Hampir 90 persen timah di Indonesia berasal dari kepulauan ini, menjadikannya pusat penambangan timah global. Meskipun timah menjadi tulang punggung ekonomi setempat, sebagian besar penambangan dilakukan secara ilegal, yang mengakibatkan kerusakan ekosistem.
Sejak era demokratisasi Indonesia pada akhir 1990-an, kontrol atas penambangan timah beralih dari pemerintah pusat ke daerah, yang kemudian memicu lonjakan besar dalam aktivitas penambangan ilegal.
Dalam tiga tahun setelah kebijakan tersebut diterapkan, tambang timah ilegal meningkat empat kali lipat, menyebabkan kerusakan besar terhadap keanekaragaman hayati dan ekosistem lokal.
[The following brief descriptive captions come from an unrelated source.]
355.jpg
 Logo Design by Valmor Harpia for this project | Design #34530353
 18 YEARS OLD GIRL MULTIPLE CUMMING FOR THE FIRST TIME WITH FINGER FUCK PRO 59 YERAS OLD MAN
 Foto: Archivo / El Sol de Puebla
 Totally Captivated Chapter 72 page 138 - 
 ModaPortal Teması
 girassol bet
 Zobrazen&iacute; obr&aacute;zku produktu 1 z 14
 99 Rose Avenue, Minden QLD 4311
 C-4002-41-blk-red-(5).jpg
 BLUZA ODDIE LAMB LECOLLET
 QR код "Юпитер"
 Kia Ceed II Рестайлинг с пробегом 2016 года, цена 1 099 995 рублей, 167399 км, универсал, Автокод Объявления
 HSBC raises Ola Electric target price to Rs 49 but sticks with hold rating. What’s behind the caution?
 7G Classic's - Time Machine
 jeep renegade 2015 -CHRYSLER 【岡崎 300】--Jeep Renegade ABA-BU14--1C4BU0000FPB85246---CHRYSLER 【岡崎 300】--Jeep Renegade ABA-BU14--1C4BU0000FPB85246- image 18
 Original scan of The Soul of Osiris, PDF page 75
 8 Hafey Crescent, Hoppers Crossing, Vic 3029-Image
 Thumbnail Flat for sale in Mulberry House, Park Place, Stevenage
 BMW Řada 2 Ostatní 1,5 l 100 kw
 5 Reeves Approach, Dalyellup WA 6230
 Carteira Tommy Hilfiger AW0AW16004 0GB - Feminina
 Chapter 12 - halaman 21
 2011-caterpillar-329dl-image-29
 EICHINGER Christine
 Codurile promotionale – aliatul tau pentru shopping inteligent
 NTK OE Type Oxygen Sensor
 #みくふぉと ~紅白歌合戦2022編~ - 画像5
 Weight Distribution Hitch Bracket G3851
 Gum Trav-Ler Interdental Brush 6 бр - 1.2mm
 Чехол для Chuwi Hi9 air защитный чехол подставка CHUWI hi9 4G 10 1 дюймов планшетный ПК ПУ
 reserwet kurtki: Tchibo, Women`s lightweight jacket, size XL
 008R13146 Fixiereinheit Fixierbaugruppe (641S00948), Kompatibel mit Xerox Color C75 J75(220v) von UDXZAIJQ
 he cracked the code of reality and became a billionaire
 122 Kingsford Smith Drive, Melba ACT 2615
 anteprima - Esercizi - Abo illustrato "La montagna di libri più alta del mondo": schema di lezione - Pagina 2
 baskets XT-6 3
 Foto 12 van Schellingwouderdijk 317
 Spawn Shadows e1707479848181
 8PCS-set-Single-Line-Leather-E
Kerusakan ini tidak hanya memengaruhi ikan, tetapi juga mengancam satwa lain, seperti buaya, yang mulai mencari mangsa di luar habitat mereka.
Serangan Buaya
Salah satu dampak paling mencolok dari penambangan timah ilegal adalah peningkatan serangan buaya. Di Kepulauan Bangka Belitung, tambang-tambang ilegal yang ditinggalkan sering kali terisi air, menciptakan kolam yang disebut kulong.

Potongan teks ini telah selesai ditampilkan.